Monday, June 22, 2009

HCMA meeting

A few weekends ago we flew to Morristown, NJ to attend the annual meeting of the Hypertrophic Cardiomyopathy Association. This is a patient advocacy group that hosts a meeting each year where patients can mix with the leading experts in the field who study HCM and other health care professionals who attend to get continuing education credits. The academic content is top notch, but the most interesting part is the relationships forged between the HCM patients. Information is exchanged, along with war stories of dealing with hospitals, insurance, employers, classmates, family, and the rest of humanity. The picture shows us with Emily's all-time favorite doctor, Marty Maron and his assistant Murdena Mills. Way back at the beginning of this blog is a picture of Marty and Murdena visiting Emily in the ICU three days post-surgery, when her cheeks were puffy with steroids, her hair was greasy with unmentionables, and her eyes glassy from narcotics.

What a difference a few months makes! Her biggest trauma this time was that the hotel threw her out of the bar for being underage. True to form, the President of the HCMA, Lisa Salberg, intervened on Emily's behalf. Lisa has forcedCongress to pass legislation to make genetic discrimination illegal, schools to install AED's (Automatic External Defibrillators), and insurance companies to support travel to Centers of Excellence that she forced hospitals to set up, so a rule in a hotel was no match for Lisa. Her greatest victory of course was to get Marty Maron to take Emily on as a patient just two years ago and see her on a Friday night after hours so that Emily got the care that saved her life. Consequently Emily got to hang out with the doctors and patients until they threw us all out of the bar because of the arrival of a bellicose wedding party.

Our moment came when Emily participated on a "Patient's Panel" about heart transplants. In concise, clear, and straight-forward language she explained how she felt when she was diagnosed with HCM and had to get an ICD, and then how she felt when she was told she needed a heart transplant and had to deal with the waiting and then the surgery. She held her audience of 250 spellbound, and her parents were mighty proud.

Thursday, June 11, 2009

Good heart, bad parking

We took Emily in for another follow-up visit and heart catherization/biopsy. The procedure went very well, and the results were excellent. She had another 0 score for rejection and her blood tests (C4D and PRA) were both negative. The echo looked good, as did the pressures in the heart.

She is very busy finishing up the school year and preparing for final exams. She does not seem to have the stamina to do a full day of normal activities, but she has been working really hard at preparing for her exams in 3 courses. Although it is a relief to be worrying about normal things like exams, it is frustrating for her to be doing it with low energy and working around things like heart biopsies...

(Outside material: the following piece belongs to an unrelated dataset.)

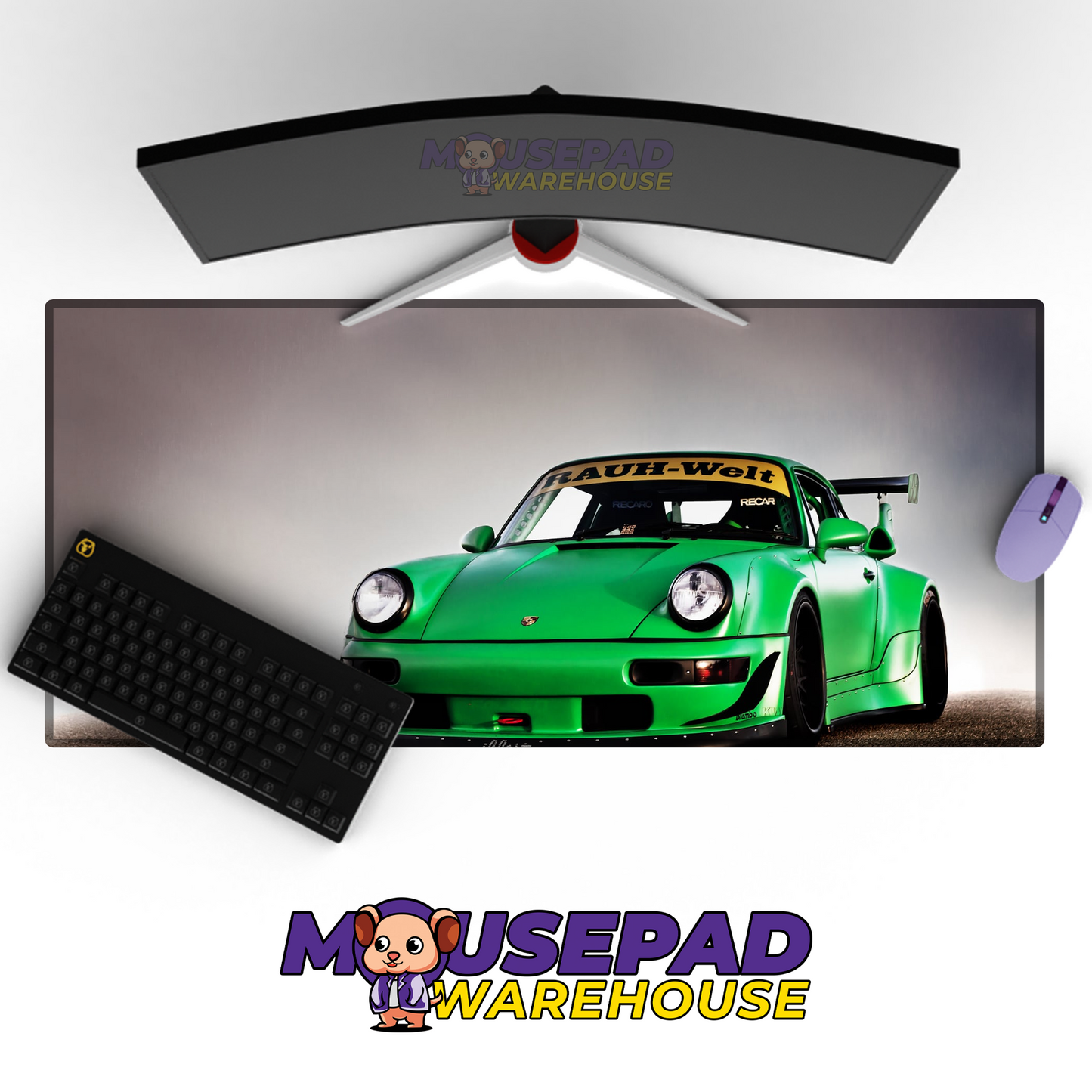 Porsche 911 RWB V3 Mousepad Mockup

Our big problem with the visit to Children's this week was that someone broke into our car overnight in the parking garage. They stole our GPS (bye, Charles) and also Emily's backpack with her notebooks and calculators for school in it. Grrrr. How low is that? Stealing things from people whose kids are sick enough to be overnight at Childrens...

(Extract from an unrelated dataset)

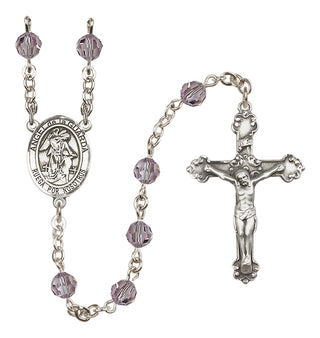 Sterling Silver 6mm Angel de la Guardia  Engraved Catholic Rosaries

With the help of security and Harvard Univ police, and Boston Police, we recovered her notebooks. We called the glass guys who were able to repair the smashed window the same day, so we were still able to get home that night after the biopsy. Jeff ran out and bought new calculators, so Emily was tired but good to go back to school on Wednesday.

We are now on a monthly clinic schedule for the summer. We are really looking forward to seeing friends and family in the next couple months. Emily still has two courses to finish up over the summer, but it will be nice to have a new schedule and some more down time.